→ **REQUIREMENT**: Copy the data below exactly. Any pictures in it should be omitted.

→ **RECORDED DATA**:

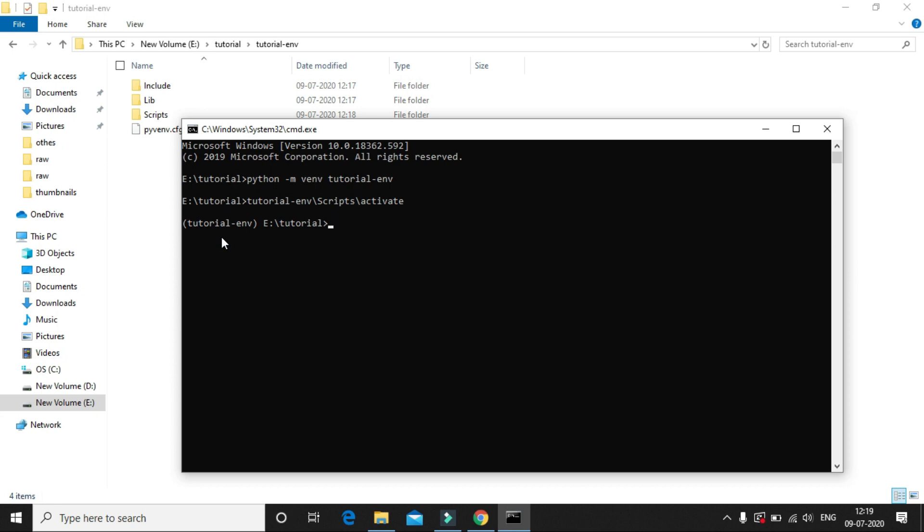And always make sure you have activated the environment before installing any packages. If you fail to do so, the package will be installed at the system level and not at the project level. In the next video, we will install Django onto our newly created virtual environment.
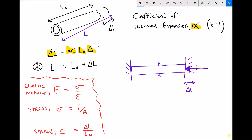If we prevent that piece of material from expanding, it's like we're applying a compressive force F to the material. When we apply that compressive force we're changing its length by Delta L and in doing so we're placing that piece of material under a stress Sigma. So we have two situations: situation one where we allow the piece of material to expand freely, and situation two where we constrain it — which is like applying a force to each end and reducing the length after it has expanded.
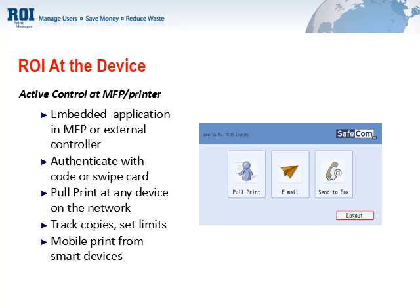ROI at the Device provides tracking and management capabilities for end-user activities at the copier or multi-function device. The software requires that a user logs in or authenticates themselves, but once they do, they'll have access to the full functionality of that device.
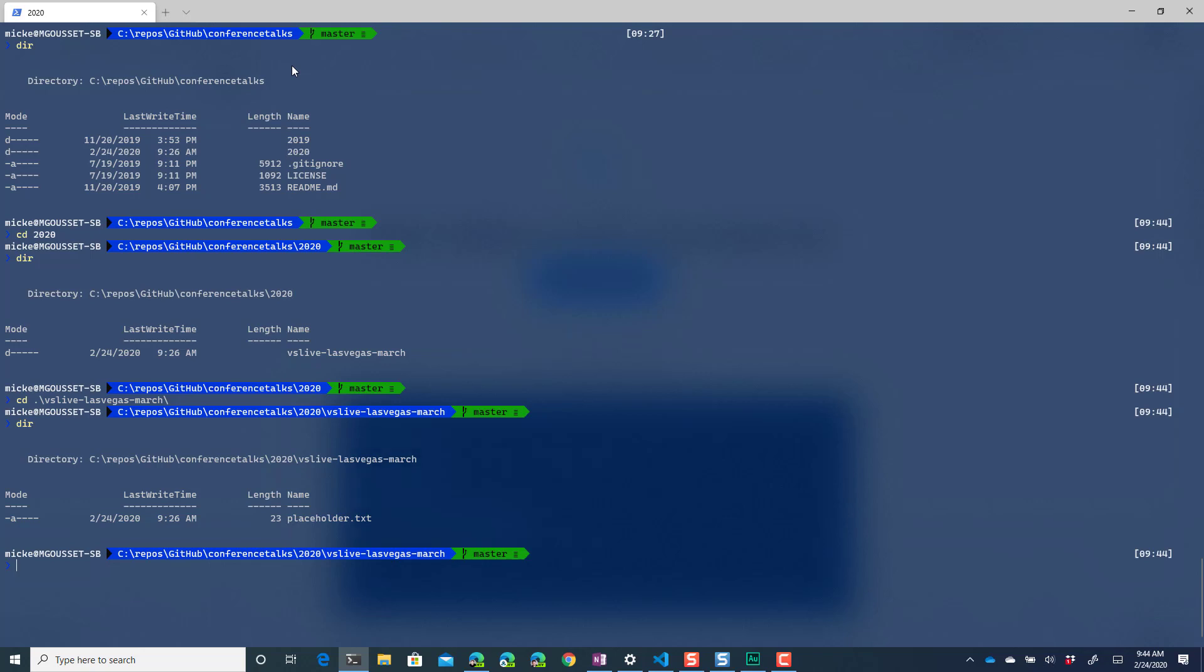Right now I've just got a piece of placeholder text there. So what I want to do is edit this file and then push it up and do a pull request on it and get it merged back into my master and I want to see how much of this I can do from the command line.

→ **RESPONSE TO THE EXERCISE**:
And always make sure you have activated the environment before installing any packages. If you fail to do so, the package will be installed at the system level and not at the project level. In the next video, we will install Django onto our newly created virtual environment.
If we prevent that piece of material from expanding, it's like we're applying a compressive force F to the material. When we apply that compressive force we're changing its length by Delta L and in doing so we're placing that piece of material under a stress Sigma. So we have two situations: situation one where we allow the piece of material to expand freely, and situation two where we constrain it — which is like applying a force to each end and reducing the length after it has expanded.
ROI at the Device provides tracking and management capabilities for end-user activities at the copier or multi-function device. The software requires that a user logs in or authenticates themselves, but once they do, they'll have access to the full functionality of that device.
Right now I've just got a piece of placeholder text there. So what I want to do is edit this file and then push it up and do a pull request on it and get it merged back into my master and I want to see how much of this I can do from the command line.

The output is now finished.